While the above scenario is just a toy example, it depicts how even releasing apparently harmless statistics may unintentionally pose subtle threats to the privacy of your data. Perhaps leaking the actual age of a person is not such a big issue, but what about unintentionally revealing information about the health of someone? Well, to use an euphemism, it is undesirable at best.
Luckily, in situations like these ones, differential privacy (DP) comes to the rescue for safeguarding the privacy of your data. Let us get back to our example for an intuitive explanation of how DP works. To obtain a differentially-private estimation of the empolyees’ average age, first the actual age of each employee is perturbed by adding a random number in a suitable interval centered around zero, e.g., [-100, 100]. We will discuss in the next blog entries how the interval bounds are chosen. So, for example, if the actual age of John is 34, his perturbed age may be 39, while the perturbed age of the 56-years-old Mike may be 47. The mean of the perturbed rather than the actual ages of the employees is then reported in the newsletter. Provided that enough employees are involved in the computation, the reported average age is a reliable good approximation of the actual average age. And, crucial point, since the perturbed rather than actual employees’ ages are used to compute the mean, a privacy breach like the one described above no longer happens: your boss’ age, as well as the one of any other employee, is not revealed!
If you read until this point, I guess you have a big question in mind: how the mean of the perturbed ages can be a reliable estimation of the actual average age (if enough perturbed ages are involved in the estimation)? Since the random numbers added to each age are pulled from a distribution with zero mean, if you average over enough of them, they cancel each other out: the mean of the random numbers gets close to zero, therefore when averaging the perturbed ages you obtain the mean of the actual ages plus a value relatively close to zero. You thus obtain a reliable average age, despite the fact that no employee revealed his actual age! It should also be clear now why increasing the number of employees involved in the differentially-private computation improves the quality of the result.
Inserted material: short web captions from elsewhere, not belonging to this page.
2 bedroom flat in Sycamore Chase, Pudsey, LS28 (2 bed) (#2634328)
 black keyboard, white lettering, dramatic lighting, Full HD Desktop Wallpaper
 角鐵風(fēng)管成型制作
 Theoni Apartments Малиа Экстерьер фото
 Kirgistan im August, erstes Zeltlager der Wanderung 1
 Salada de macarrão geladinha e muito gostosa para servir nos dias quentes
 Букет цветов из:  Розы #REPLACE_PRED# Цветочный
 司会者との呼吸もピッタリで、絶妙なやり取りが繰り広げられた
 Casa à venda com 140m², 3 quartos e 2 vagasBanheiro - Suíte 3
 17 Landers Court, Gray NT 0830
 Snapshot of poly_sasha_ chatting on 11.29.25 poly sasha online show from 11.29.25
This simple example shows how releasing differentially-private statistics about a large group of people preserves the privacy of any single individual in the group. While this is not the only useful application of DP, DP is not the silver bullet to the data-privacy issue. In particular, private information may be leaked when repeatedly releasing differentially-private estimations of the same statistic over the same data. This vulnerability and how to properly handle it will be discussed in our next blog posts, where we will resort to the mathematical formulation of DP. By the more rigorous DP explanation, we will also motivate the choice of interval [-100, 100] for the random numbers generation in above example.